Input data section start

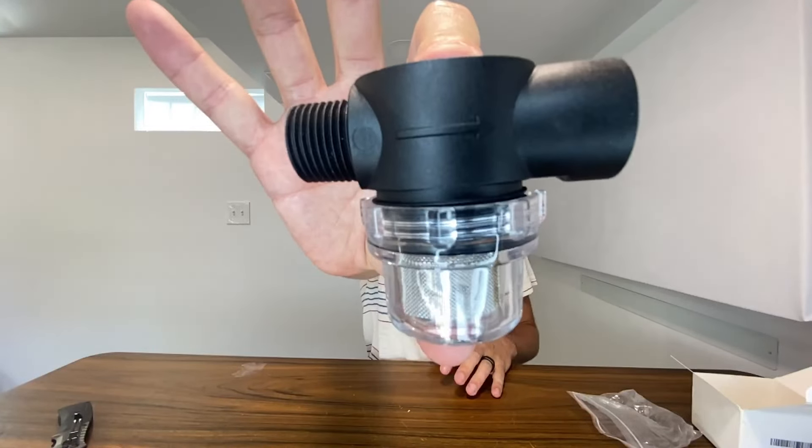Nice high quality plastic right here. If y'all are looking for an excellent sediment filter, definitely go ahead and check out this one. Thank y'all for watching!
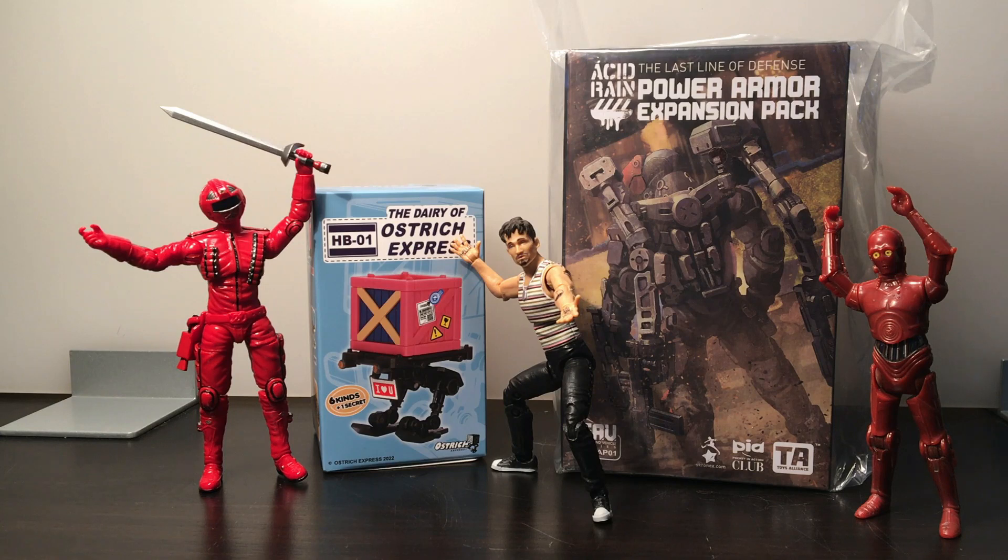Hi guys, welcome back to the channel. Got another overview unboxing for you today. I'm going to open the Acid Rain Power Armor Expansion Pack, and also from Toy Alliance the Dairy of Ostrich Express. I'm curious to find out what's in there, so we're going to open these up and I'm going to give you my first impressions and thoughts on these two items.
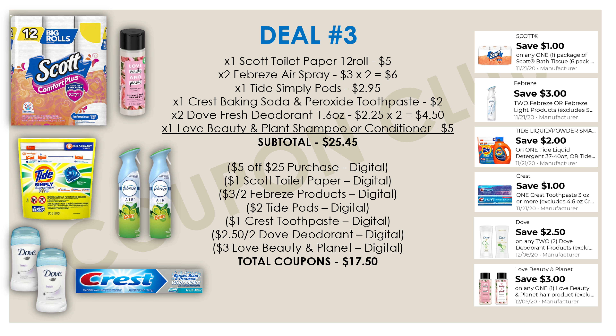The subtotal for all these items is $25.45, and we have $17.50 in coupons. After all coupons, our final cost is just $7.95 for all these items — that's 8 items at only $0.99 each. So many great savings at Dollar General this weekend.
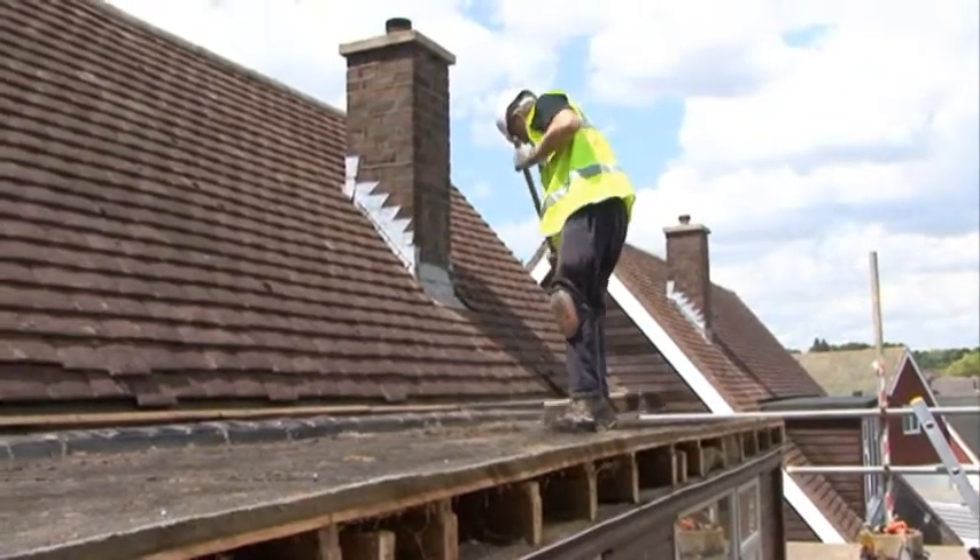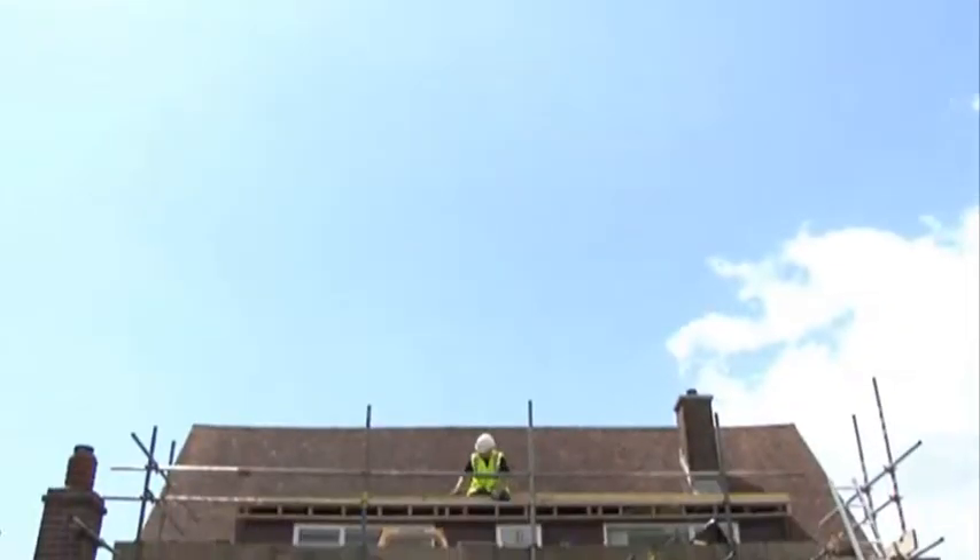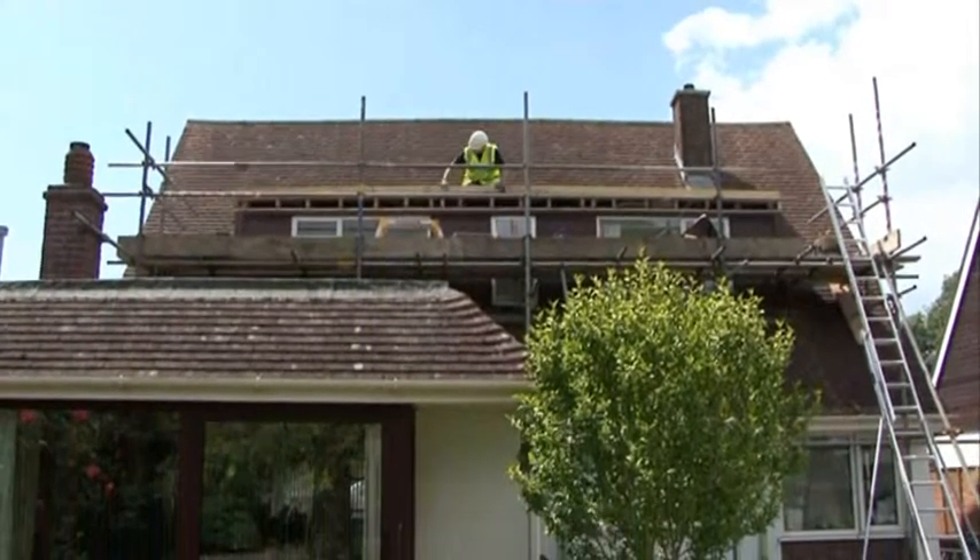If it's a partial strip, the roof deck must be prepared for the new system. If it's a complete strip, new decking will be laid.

Input data section end

• Your instructions: Retype each line of the listing above word for word. Exclude the pictures.

• Written response:
Nice high quality plastic right here. If y'all are looking for an excellent sediment filter, definitely go ahead and check out this one. Thank y'all for watching!
Hi guys, welcome back to the channel. Got another overview unboxing for you today. I'm going to open the Acid Rain Power Armor Expansion Pack, and also from Toy Alliance the Dairy of Ostrich Express. I'm curious to find out what's in there, so we're going to open these up and I'm going to give you my first impressions and thoughts on these two items.
The subtotal for all these items is $25.45, and we have $17.50 in coupons. After all coupons, our final cost is just $7.95 for all these items — that's 8 items at only $0.99 each. So many great savings at Dollar General this weekend.
If it's a partial strip, the roof deck must be prepared for the new system. If it's a complete strip, new decking will be laid.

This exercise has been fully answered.